第四話 カワリユク 6

 何事もなく、時は歩いていた。誰からも阻まれること、束縛されることなく。輝くものたちも、どうすることができやしない。

 類子のいる街の北、何事もない白い小惑星の横を通り過ぎて、時は午前二時三十六分となる。そして謙吾が何事もなかったように、自らで上半身をベッドからゆっくり起こし、面を俯かせ、また動かなくなる。

 類子は何事もないなんて、これっぽっちもない。謙吾のいる傍らで立ち尽くし、変化を見届けた。何事もなく、気を遣ってくることなく、心配、不安、動揺、困惑は、内にぎゅうぎゅう詰めで勢揃い。

 謙吾の寝ぐせだらけの頭髪を、類子は落ち着かない胸に手を当て見つめる。低血圧な彼らしく、起きてすぐに覚醒できていないのか、と思えてしまう。声をかけようか迷う。時が三十八分となって、声をだした。

「謙吾。大丈夫?」

 うん、と謙吾が頷くような反応を示した。

「本当に、大丈夫なの?」

「ああ。大丈夫」

 謙吾から声をだされ、類子は息を飲みこむ。鼻と口から普通に息をだしてしまうのが何だか怖く、鼻の穴から静かにだす。

「妙に、体が苦しくないな。ひと眠りしたから、調子が良くなったのかな」

 謙吾が小声でいって、類子のほうへ顔をあげる。黒い点がない白い瞳、悪化したニキビ跡に似た紫色の点が全体に広がった茶色い顔、と変わってしまっている。輪郭線は彼そのもので変わりのないが、「これは、謙吾なのか」と類子は疑いかける。

「ごめんな。さっきはお粥をあんまり食べれてあげれなくて。もう少ししたら、また食べるよ」

 紫色の唇から、照れ臭がる、彼の優しい声が発せられる。彼であるのに間違いないのだ、と、類子は理解した。さて、どう接したらいいものかと困る。彼の言葉からして、彼の身に何が起こったのかを気がついていないのだと思える。その証拠のように、彼は苦笑して、目元に不安を宿す。

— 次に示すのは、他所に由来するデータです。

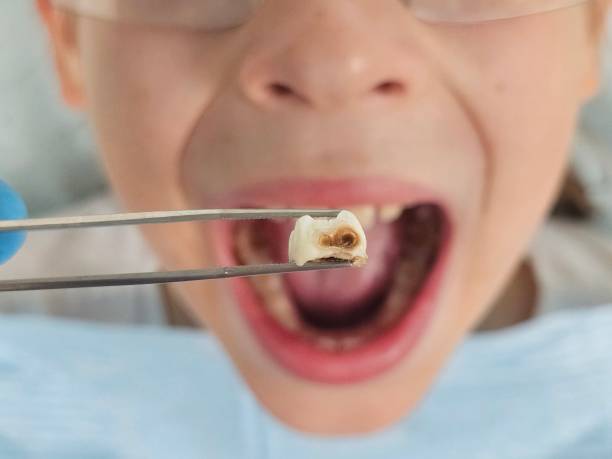 Best Emergency Tooth Extraction in St Paul, VA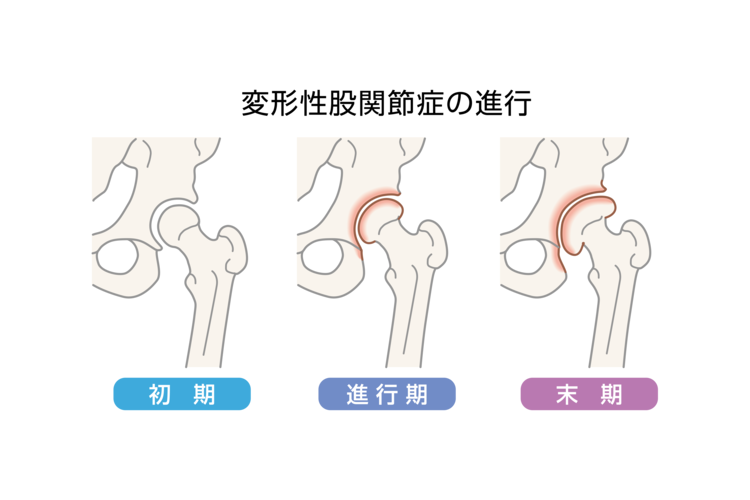 変形性股関節症画像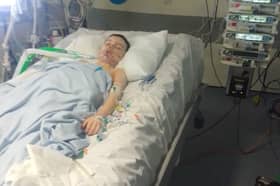 Riley Luke was just eight-years-old when he lost four fingers from his hand following an incident with a firework
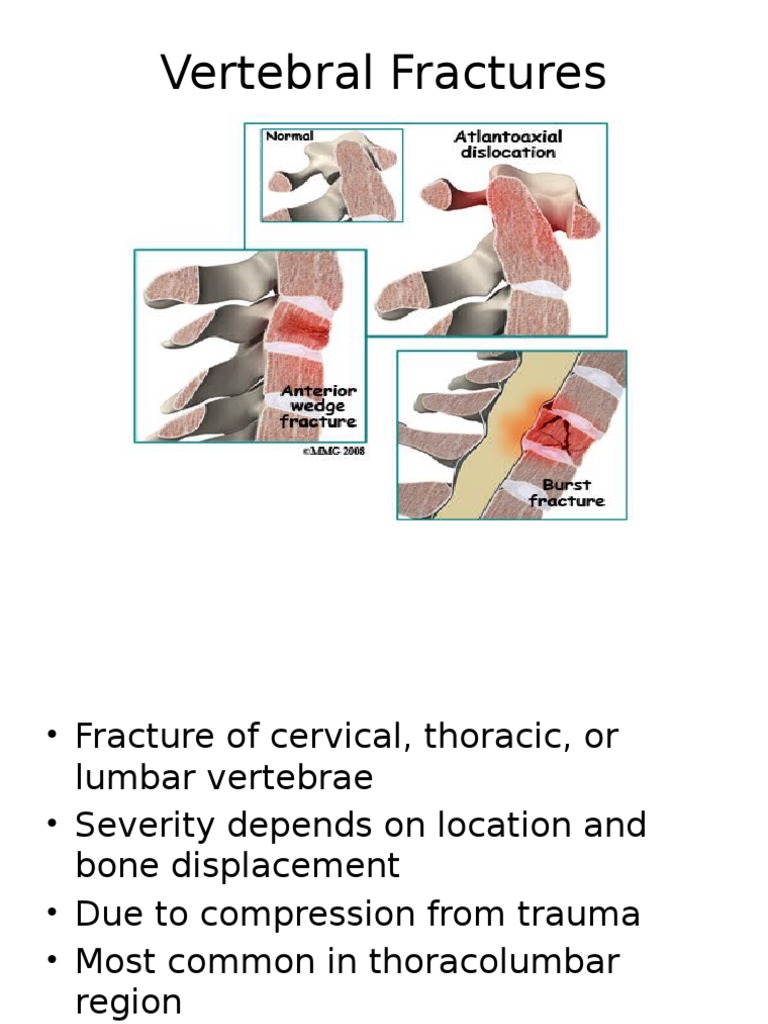 Vertebral Fractures | Vertebra | Vertebral Column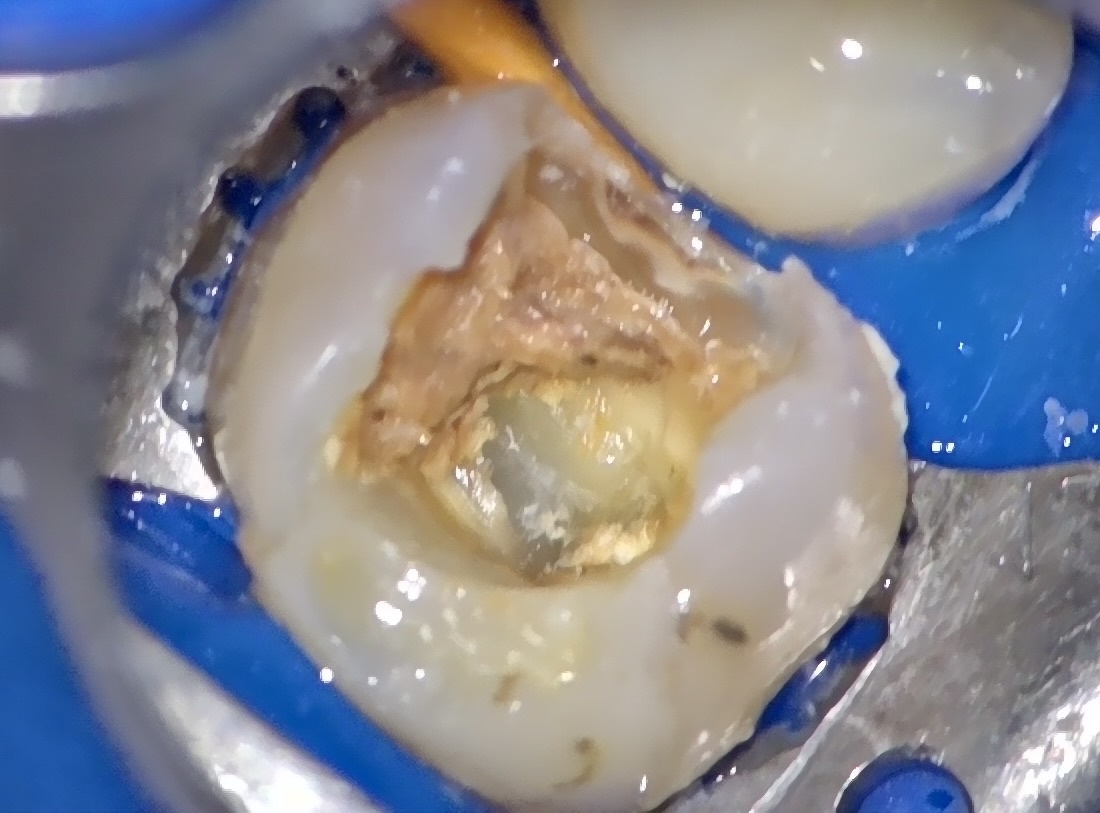 Удалена временная пломба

「そんな不安そうな顔をして、どうしたのだよ? 俺のことで不安なのか?」

 類子はちょっと悩んでから、正直に頷く。すると、彼から明るく笑われ、久しぶりに聞く明るい笑いに驚かされる。

「不安になるなよ。俺はもし死んでも必ず、お前のところへ戻ってくるから。……いや、言葉が悪かったな。これから眠る時間をもっと増やしていけば、自然と元気になるさ」

 鼻根が痛くなり、類子は泣きたいのだろうと分かる。堪えようとしたが駄目で、泣きだせば、謙吾から明るく励まされる。泣くのを堪えながら、謙吾を見据える。

「わたしのこと、どう思う?」

「どうって」詰まって、謙吾は白い瞳を瞬かせる。照れ臭そうに頬を掻きながら、「それは分かっているだろう」

 うん、と類子は頷く。彼に聞きたいことから外れての答えで、質問の仕方に間違いであったと思うが、もう聞きたいとは思わない。自然と笑み、彼の傍らで座った。彼から肩に手を置かれ、笑まれる。

「俺は大丈夫だから」

「うん。分かっているよ」

「不思議なくらいに、世界が白く、ぼやけて見えてはいるけどな」

「そっか」

 類子は謙吾の肩に頭を乗せ、目を閉じた。黒い視界の中、彼の変わらないにおい、手が頭を優しく撫でてくるのが分かる。疲れていて重たい頭だ。心はとても軽くなる。一瞬だけ、あたり一面に無数の流星に似た、散らばり走る小さな光が見えた。

 ひと知れず、時は午前三時間近になろうとする。類子のどこかでは、変化が起こりだしていた。